No
livro “Noites Brancas”
de Dostoiévski,
há uma passagem em que a avó de Nastenka,
protagonista da obra, diz que o leite já não era mais o
mesmo e que azedava muito depressa, ao contrário do leite
fervido em outras épocas. O livro é de 1848. Ou seja,
para velhinha da obra, leite bom mesmo só no fim da idade
média. Nesta breve passagem, o livro mostra algo que sempre me
incomodou; o saudosismo exagerado, um fenômeno universal e
atemporal, onde costumamos achar que antigamente tudo era melhor.

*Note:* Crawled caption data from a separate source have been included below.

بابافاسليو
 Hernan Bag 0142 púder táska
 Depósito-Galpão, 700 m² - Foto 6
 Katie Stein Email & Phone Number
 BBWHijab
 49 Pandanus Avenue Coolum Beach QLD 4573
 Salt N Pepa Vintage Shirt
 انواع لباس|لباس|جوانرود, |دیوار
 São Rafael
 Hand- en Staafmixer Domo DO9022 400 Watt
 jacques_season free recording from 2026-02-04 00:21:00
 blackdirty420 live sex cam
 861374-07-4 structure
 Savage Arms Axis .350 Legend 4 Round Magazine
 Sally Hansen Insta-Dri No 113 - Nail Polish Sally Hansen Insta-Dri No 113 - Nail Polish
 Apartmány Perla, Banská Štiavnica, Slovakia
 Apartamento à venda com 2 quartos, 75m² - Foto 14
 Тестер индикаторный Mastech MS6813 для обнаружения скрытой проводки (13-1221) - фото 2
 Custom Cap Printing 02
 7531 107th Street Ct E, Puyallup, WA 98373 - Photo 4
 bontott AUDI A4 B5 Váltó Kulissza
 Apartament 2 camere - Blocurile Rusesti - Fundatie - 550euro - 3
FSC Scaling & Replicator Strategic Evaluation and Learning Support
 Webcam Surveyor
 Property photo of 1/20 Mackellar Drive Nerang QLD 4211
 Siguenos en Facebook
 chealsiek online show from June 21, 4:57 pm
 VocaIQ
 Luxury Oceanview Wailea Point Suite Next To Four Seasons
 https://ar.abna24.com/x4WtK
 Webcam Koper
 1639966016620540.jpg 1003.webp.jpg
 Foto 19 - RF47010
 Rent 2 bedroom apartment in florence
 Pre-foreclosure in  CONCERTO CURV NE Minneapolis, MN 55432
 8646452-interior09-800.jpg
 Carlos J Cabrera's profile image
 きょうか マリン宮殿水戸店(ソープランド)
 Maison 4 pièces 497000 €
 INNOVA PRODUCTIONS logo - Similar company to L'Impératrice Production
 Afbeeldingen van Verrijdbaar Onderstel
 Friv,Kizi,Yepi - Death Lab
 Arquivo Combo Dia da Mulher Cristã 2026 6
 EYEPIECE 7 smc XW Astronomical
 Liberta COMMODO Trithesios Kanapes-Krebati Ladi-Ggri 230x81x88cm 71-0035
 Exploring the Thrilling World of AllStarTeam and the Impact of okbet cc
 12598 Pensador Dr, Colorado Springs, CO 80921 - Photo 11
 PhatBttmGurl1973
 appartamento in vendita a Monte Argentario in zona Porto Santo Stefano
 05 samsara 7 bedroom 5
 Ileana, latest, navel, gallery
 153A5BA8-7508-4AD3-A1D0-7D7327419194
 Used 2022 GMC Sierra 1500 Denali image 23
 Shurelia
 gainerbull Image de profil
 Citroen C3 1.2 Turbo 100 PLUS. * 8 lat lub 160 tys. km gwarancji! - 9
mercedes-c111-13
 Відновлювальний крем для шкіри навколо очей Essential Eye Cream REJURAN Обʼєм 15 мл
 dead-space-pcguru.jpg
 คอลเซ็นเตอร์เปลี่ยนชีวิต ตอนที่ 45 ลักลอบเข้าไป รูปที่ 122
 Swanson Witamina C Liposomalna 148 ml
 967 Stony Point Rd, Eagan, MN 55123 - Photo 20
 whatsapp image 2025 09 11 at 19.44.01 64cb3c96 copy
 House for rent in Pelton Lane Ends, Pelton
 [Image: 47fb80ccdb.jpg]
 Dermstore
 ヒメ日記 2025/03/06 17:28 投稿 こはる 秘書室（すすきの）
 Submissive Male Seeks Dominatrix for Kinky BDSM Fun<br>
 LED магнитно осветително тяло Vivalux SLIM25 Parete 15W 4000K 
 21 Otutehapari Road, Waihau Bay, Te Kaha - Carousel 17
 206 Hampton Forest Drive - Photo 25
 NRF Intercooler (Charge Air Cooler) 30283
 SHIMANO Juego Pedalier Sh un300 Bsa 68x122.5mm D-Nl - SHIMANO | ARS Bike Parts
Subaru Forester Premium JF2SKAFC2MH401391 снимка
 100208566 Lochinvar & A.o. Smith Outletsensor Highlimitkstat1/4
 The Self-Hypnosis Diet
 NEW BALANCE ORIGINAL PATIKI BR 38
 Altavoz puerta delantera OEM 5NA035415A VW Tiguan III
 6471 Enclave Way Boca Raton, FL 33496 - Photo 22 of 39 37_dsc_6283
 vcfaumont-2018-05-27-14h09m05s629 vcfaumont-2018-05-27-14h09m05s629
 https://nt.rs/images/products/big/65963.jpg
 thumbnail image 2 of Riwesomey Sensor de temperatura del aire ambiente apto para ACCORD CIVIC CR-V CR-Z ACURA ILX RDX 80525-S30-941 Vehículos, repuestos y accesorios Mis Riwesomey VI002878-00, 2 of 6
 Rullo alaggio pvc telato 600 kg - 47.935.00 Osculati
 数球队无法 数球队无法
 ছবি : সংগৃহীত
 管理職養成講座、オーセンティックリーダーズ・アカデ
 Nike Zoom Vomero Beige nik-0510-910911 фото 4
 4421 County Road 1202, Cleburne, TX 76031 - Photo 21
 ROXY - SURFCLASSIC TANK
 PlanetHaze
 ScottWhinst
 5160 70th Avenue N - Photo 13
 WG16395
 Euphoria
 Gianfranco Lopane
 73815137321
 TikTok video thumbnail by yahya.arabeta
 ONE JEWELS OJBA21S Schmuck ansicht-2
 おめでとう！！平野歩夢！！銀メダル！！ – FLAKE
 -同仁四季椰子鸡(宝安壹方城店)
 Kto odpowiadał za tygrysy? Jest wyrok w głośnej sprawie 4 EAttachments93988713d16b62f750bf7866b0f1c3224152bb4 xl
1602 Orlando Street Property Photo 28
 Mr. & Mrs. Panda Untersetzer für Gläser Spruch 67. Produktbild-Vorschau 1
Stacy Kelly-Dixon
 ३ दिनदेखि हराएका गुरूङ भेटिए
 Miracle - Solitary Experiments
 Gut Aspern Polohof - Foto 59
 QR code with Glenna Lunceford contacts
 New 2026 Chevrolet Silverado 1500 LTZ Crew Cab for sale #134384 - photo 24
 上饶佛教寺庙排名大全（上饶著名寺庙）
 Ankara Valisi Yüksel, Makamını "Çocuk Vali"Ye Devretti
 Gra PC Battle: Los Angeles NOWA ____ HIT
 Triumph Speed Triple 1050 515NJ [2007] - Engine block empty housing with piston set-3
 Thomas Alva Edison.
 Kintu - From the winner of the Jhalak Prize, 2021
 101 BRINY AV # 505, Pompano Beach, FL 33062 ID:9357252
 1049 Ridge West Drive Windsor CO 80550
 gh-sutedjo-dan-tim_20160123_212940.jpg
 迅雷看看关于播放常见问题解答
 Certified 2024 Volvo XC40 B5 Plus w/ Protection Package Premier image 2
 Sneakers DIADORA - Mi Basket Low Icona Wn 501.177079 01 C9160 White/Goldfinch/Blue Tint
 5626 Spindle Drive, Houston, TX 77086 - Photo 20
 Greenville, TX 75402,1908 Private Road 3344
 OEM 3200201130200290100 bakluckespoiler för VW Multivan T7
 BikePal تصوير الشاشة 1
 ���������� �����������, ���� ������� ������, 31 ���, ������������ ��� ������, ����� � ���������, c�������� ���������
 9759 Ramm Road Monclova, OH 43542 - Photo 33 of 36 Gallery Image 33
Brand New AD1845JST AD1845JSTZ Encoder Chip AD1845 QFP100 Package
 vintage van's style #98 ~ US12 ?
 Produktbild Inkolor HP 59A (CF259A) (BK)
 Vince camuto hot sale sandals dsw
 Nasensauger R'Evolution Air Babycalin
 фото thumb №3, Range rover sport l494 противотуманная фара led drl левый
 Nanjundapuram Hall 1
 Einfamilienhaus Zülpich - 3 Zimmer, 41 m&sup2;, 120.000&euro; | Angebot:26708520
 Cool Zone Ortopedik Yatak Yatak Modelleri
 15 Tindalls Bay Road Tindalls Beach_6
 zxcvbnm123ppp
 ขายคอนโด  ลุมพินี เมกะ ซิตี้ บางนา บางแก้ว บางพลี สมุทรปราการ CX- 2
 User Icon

O
passado ganha o verniz da saudade e se transforma nos tempos
dourados.
Admito
que sou um pouco saudosista. Adoro falar de histórias da
infância, da copa de 1994 e dos tempos em que o leite não
azedava tão cedo. Mas isso não faz minha época
ser melhor. Quando criança, ouvia exaustivamente dos “grandes”
que infância boa mesmo tinha sido a deles onde os brinquedos
tinham de ser feitos com bolas de meia, sabugos de milho e latas de
ervilha. Facilidades como a minha bola de couro sintético,
vídeo-games como o meu super-nintendo e programas de TV como
Jaspion
sequer existiam... Hoje, não raro, vejo a minha geração
de vinte e poucos anos com ar de superioridade dizendo que infância
de verdade era aquela em que se podia brincar de bola (de couro
sintético) e jogar Mário
no velho e bom super-nintendo logo depois de assistir Jaspion
na rede Manchete. E a coisa se
aprofunda; não faz muito, um garoto de uns 12 anos postou no
Face:
“As crianças de hoje nunca saberão o que era acordar
cedo para assistir TV Globinho”.
O
saudosismo é bom, eu mesmo sou um saudosista, mas seu exagero
acarreta em amargura. A criança que escuta de um adulto que
sua infância não é infância de verdade,
crescerá com uma leve recalque que um dia será
transmitido ao primeiro piá
que passar. E o ciclo se perpetua.
Imagino
o mundo daqui a 20 anos, onde os saudosistas dirão que
infância boa mesmo era aquela de 2014, em que se jogava FIFA no
Playstation 4 como uma criança normal, e não com robôs
humanoides em estádios holográficos sem graça.
Por Rodrigo de Bem Nunes
2 comentários:
Hehehe... Muito bom!!
Meu caro Rodrigo, concordo em partes contigo. O saudosismo exagerado, arraigado e cego realmente impede que enxerguemos o que há de bom agora. Em contrapartida, saudosista que sou, atrevo-me a tecer a tese de que o saudosismo perpetua o que é bom! Afinal, se relembramos o que nos fazia bem, naturalmente estamos mantendo certas tradições e levando adiante o legado de nossa infância. O problema - e aí fecho contigo na parte do recalque - é quando a pessoa fica relembrando as coisas boas e ruins dos tempos de outrora. Aí é pra azedar qualquer leite mesmo...
Abraço!
PS: Venho seguindo tua contribuição para o blog do Bruno e preciso dizer que foi uma iniciativa elogiável do meu primo. Parabéns aos envolvidos!